世間では、丙午(ひのえうま)という十干十二支(以後干支=かんし)の年に生まれた女性は強いからどうこうとか言ったりしています。また、江戸時代には丙午の年は火事が多い、などと言ったりしたみたいです。八百屋お七まで実際にはそうではないのに丙午生まれにされてしまったくらいです。 確かに陰陽五行説から見れば、丙は陽の火、午も火で揃っています。ですから、東洋系の占術では丙午の年や月はともかく、丙午の日の生まれは強いと言うのですが、それなら丁巳(ひのとみ)や壬子(みずのえね)はどうなのでしょう。丁は陰の火で灯火を表すそうです。巳も火で、丁巳は火が二つ重なる干支ですが、別に一般人は特別扱いしてません。壬は陽の水、子も水で、壬子は水が二つ重なります。しかし、壬子の年、月、日に洪水が多いなどと言う話は聞いたことがありません。
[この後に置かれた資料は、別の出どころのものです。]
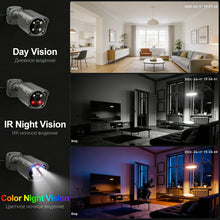 Techage 8CH 5MP 8MP Security Camera System 4K HD POE NVR Kit Two Way Audio Face Detect Outdoor Video Surveillance IP Camera Set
四柱推命や算命学でもやっている人は別でしょうが、同じ五行が重なった干支だからと言って、丙午以外の干支は世間から特別視されることはないようです。陰陽五行説を信じるのなら、丁巳、壬子生まれだって相当強い生まれになりそうなものですが、何も言われることはありません。丙午だけ取り上げて人口構成を歪ませるほどのバースコントロールを行うのは、どう考えても不合理だと思うのですが。
第一、陰陽五行に互いに他のものでないという以上の個性があるのでしょうか。その筋の人が比和、相生、相剋と呼んでいる相互関係がある可能性は否定しませんが、火が強いから気性が激しい、というのは(仮に陰陽五行説を受け入れたとしても)どこか違うように思います。